Cir. Ct. No. 2001CF1768
STATE OF WISCONSIN
IN COURT OF APPEALS
State of Wisconsin,
Cornell D. Reynolds,
APPEAL from an order of the circuit court for Milwaukee County: dennis r. cimpl, Judge. Affirmed.
¶1 PER CURIAM. Cornell D. Reynolds, pro se, appeals from an order denying his Wis. Stat. § 974.06 (2009-10) motion for postconviction relief. Reynolds argues that his postconviction counsel performed deficiently by not alleging trial counsel ineffectiveness on several bases and that the trial court erred for the same reasons. We reject his arguments and affirm the order.
¶2 In January 2002, a jury found Reynolds guilty of three felonies related to a carjacking: operating without consent while armed with a weapon and causing death; operating without consent while armed with a weapon and causing great bodily harm; and possessing a firearm as a felon. See Wis. Stat. §§ 941.29(2) and 943.23(1g), (1m) & (1r) (2001-02). See State v. Reynolds, Nos. 2007AP719-CR and 2007AP1335-CR, unpublished slip op., ¶1 (WI App May 21, 2009). Postconviction counsel filed a postconviction motion that was denied without a hearing, but “this court reversed and remanded for a postconviction hearing, holding that Reynolds’[s] motion contained sufficient facts to warrant a hearing on his claim.” See id., ¶3.
¶3 After both trial counsel and Reynolds testified at the hearing, the trial court denied the postconviction motion. On appeal, Reynolds argued that trial counsel provided ineffective assistance “by failing to: (1) adequately cross-examine three of the four eyewitnesses to the shootings; (2) investigate and present an alibi defense; and (3) present Reynolds’[s] only remaining viable defense, given the failure to adequately cross-examine or to pursue the alibi defense.” Id. We rejected those arguments and affirmed. See id., ¶¶5-9.
¶4 Reynolds, acting pro se, subsequently filed the Wis.

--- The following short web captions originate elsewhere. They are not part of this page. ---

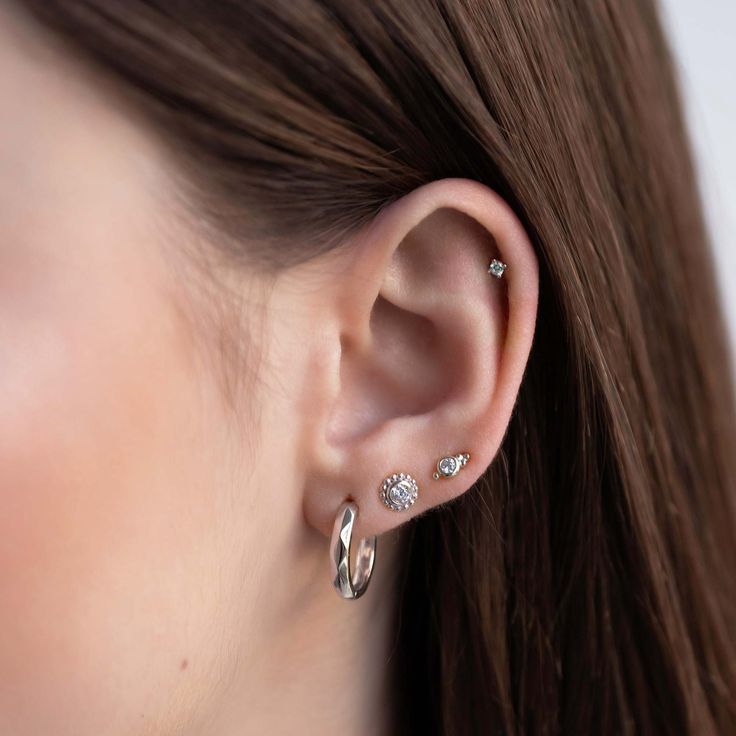 This decorative tiny stud is the perfect add on to your ear stack. Mix and match with our huggies for an on trend look. .925 Sterling Silver Cubic Zirconia Crystal Hypoallergenic post Height 6.2mm x Width 3.1mm Stone center: 2mm #E492 Classic Huggie Internally Threaded Piercings, Classic Internally Threaded Huggie Piercings, Everyday Round Cubic Zirconia Cartilage Earrings, Everyday Round Cubic Zirconia Piercings, Everyday Cubic Zirconia Piercings, Everyday Internally Threaded White Gold Piercings, Hypoallergenic Cubic Zirconia Cartilage Earrings For Anniversary, Hypoallergenic Cubic Zirconia Piercings, Minimalist Cubic Zirconia Piercings For Anniversary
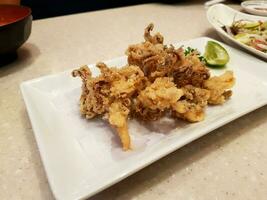 Deep fried squid with sliced lime or lemon in white dish on table at Japanese restaurant. Snack food and Seafood. photo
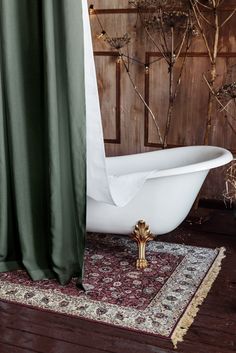 a white bath tub sitting on top of a rug next to a wooden wall with green curtains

Stat. § 974.06 motion that is at issue in this appeal. He argued that his postconviction counsel provided ineffective assistance by not alleging trial counsel ineffectiveness with respect to jury instructions and sentencing, and he argued that the trial court erred for related reasons. The circuit court denied the motion in a written order. This appeal follows.
¶5 The circuit court denied Reynolds’s Wis. Stat. § 974.06 motion without a hearing. Whether a § 974.06 motion is sufficient on its face to entitle a defendant to an evidentiary hearing on his or her ineffective assistance of postconviction counsel claim is a question of law that appellate courts review de novo. State v. Balliette, 2011 WI 79, ¶18, 336 Wis. 2d 358, 805 N.W.2d 334. Balliette explained:
If the motion raises sufficient facts that, if true, show that the defendant is entitled to relief, the circuit court must hold an evidentiary hearing. However, if the motion does not raise such facts, “or presents only conclusory allegations, or if the record conclusively demonstrates that the defendant is not entitled to relief,” the grant or denial of the motion is a matter of discretion entrusted to the circuit court.
Id. (citations omitted). On appeal, we consider de novo whether a postconviction “motion on its face alleges sufficient material facts that, if true, would entitle the defendant” to an evidentiary hearing. State v. Allen, 2004 WI 106, ¶9, 274 Wis. 2d 568, 682 N.W.2d 433.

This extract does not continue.